*Your objective*:
Among the records that follow, set down only the lines from the one containing "Zara Women’s Balloon Mint Chinos" to the one containing "金针菇牛肉油豆腐汤的做法步骤：5", both included, exactly.

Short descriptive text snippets
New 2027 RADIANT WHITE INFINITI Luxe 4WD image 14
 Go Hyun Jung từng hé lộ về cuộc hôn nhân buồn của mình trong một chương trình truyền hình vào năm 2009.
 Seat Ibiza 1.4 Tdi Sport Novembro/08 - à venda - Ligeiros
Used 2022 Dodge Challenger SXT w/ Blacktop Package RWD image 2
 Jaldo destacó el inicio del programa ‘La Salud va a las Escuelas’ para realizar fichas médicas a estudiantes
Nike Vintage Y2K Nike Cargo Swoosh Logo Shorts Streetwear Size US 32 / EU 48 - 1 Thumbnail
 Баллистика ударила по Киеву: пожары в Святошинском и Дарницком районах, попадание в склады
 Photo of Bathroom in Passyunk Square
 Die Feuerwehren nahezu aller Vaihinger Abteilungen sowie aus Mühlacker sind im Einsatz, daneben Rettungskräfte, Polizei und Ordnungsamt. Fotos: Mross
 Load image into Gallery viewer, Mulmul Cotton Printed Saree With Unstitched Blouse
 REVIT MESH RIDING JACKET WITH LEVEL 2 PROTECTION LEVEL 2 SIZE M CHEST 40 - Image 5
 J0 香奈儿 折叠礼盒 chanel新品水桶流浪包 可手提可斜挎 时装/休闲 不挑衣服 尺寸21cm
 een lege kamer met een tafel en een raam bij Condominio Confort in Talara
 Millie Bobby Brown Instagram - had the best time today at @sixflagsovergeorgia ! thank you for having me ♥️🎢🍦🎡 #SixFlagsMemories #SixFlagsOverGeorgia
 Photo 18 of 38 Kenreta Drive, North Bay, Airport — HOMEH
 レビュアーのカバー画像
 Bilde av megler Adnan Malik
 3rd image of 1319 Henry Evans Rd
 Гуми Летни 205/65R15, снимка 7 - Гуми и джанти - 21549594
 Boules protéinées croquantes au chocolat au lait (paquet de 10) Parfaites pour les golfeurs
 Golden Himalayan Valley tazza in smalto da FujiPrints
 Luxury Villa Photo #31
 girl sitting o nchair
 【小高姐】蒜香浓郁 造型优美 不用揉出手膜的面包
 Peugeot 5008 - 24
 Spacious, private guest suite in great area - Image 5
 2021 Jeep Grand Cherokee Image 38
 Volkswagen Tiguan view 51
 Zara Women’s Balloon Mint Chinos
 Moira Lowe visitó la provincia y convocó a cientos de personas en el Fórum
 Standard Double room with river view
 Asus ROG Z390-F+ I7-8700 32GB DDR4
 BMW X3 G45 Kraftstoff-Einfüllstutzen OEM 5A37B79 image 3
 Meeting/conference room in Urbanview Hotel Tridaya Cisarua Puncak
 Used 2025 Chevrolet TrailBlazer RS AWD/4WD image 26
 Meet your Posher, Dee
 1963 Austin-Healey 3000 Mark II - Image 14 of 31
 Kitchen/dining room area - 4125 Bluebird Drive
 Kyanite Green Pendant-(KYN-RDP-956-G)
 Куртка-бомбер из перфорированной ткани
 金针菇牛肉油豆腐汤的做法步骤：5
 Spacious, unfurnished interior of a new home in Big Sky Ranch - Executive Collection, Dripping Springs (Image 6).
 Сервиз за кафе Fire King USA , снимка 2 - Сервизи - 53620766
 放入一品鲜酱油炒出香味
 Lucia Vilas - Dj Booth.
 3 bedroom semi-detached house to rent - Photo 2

*Finished task*:
 Zara Women’s Balloon Mint Chinos
 Moira Lowe visitó la provincia y convocó a cientos de personas en el Fórum
 Standard Double room with river view
 Asus ROG Z390-F+ I7-8700 32GB DDR4
 BMW X3 G45 Kraftstoff-Einfüllstutzen OEM 5A37B79 image 3
 Meeting/conference room in Urbanview Hotel Tridaya Cisarua Puncak
 Used 2025 Chevrolet TrailBlazer RS AWD/4WD image 26
 Meet your Posher, Dee
 1963 Austin-Healey 3000 Mark II - Image 14 of 31
 Kitchen/dining room area - 4125 Bluebird Drive
 Kyanite Green Pendant-(KYN-RDP-956-G)
 Куртка-бомбер из перфорированной ткани
 金针菇牛肉油豆腐汤的做法步骤：5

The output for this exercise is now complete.